Fransa’da 1 Mayıs, bir yandan ikinci turu 7 Mayıs’ta yapılacak olan cumhurbaşkanlığı seçimlerinin politik ortamında, diğer yandan, 2016’ya damgasını vuran işçi direnişlerinin etkisinde gerçekleşti. Bu tabloda, 1 Mayıs’a sokak çatışmaları damgasını vurdu.

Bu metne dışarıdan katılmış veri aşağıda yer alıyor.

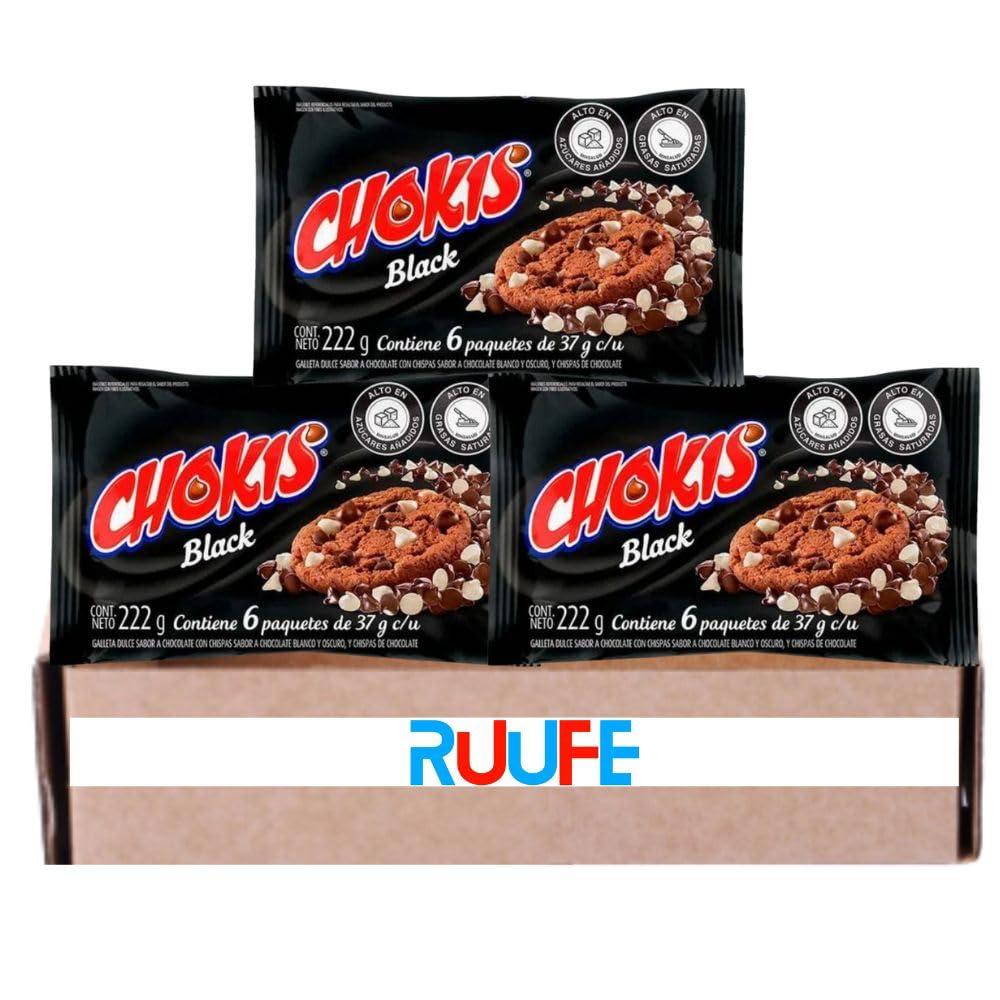 RUUFE Chokis (Pck of 3) Cholocate Chip Cookies Great for lunch, camping, snack. Kids favorite snack Colombian Snack Colombian food products Colombian snack food comida colombiana mekato colombiano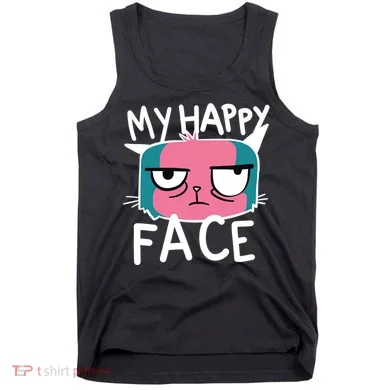 My Happy Cat Face Grumpy Tank Top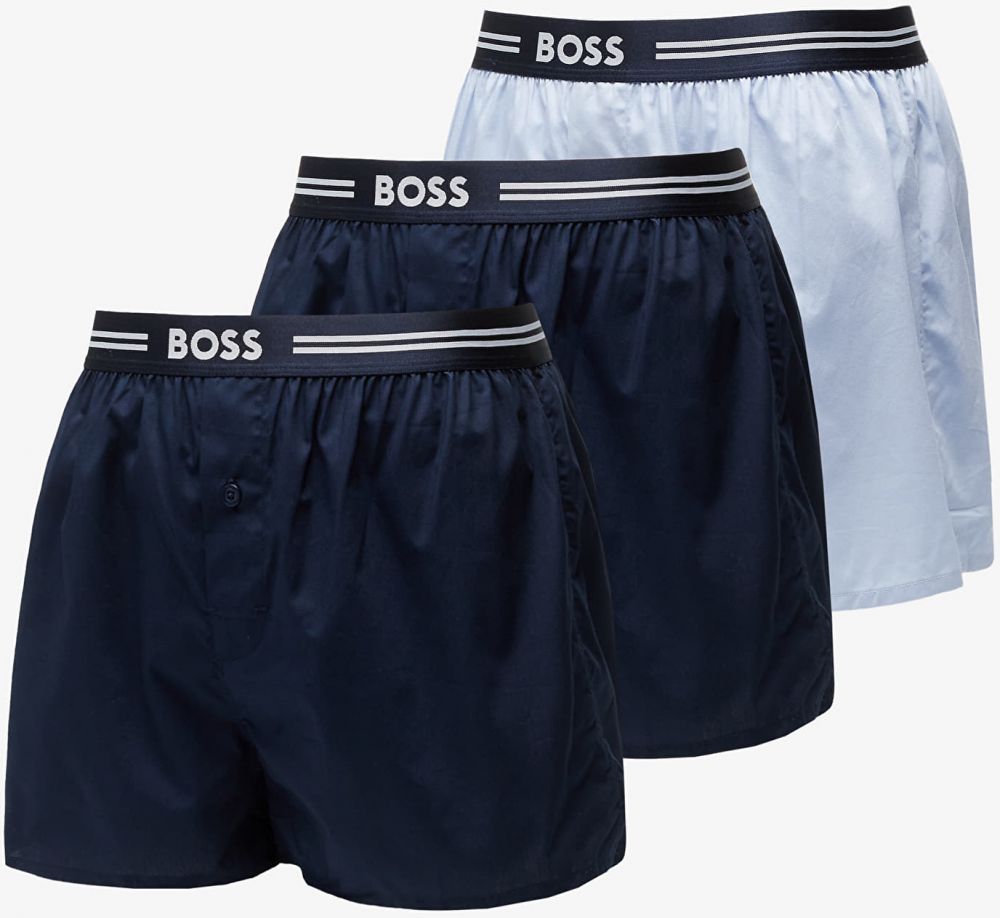 Trenírky Hugo Boss Woven Boxer 3-Pack Blue S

2002 yılında baba Le Pen ile Jacques Chirac’ın ikinci tura kalması üzerine sendika konfederasyonları, faşizme duyulan tepkiyle, milyonlarca işçiyle 1 Mayıs eylemi gerçekleştirmişti. Bu 1 Mayıs’ta da, 7 büyük işçi konfederasyonu, benzer bir 1 Mayıs eylemi düzenlemek için harekete geçti. Ancak Paris’in en büyük iki işçi konfederasyonu olan CGT ile CFDT arasında yürüyüşün sloganı konusunda anlaşmazlık çıktı. CFDT “Le Pen’e karşı Macron’u destekle” sloganını öne çıkarınca, hiçbir aday desteklemeden sadece “Le Pen’e karşı yürüyüş” adını öneren CGT’nin yürüyüşleri ayrıştı, diğer sendikalar da ikiye bölündü.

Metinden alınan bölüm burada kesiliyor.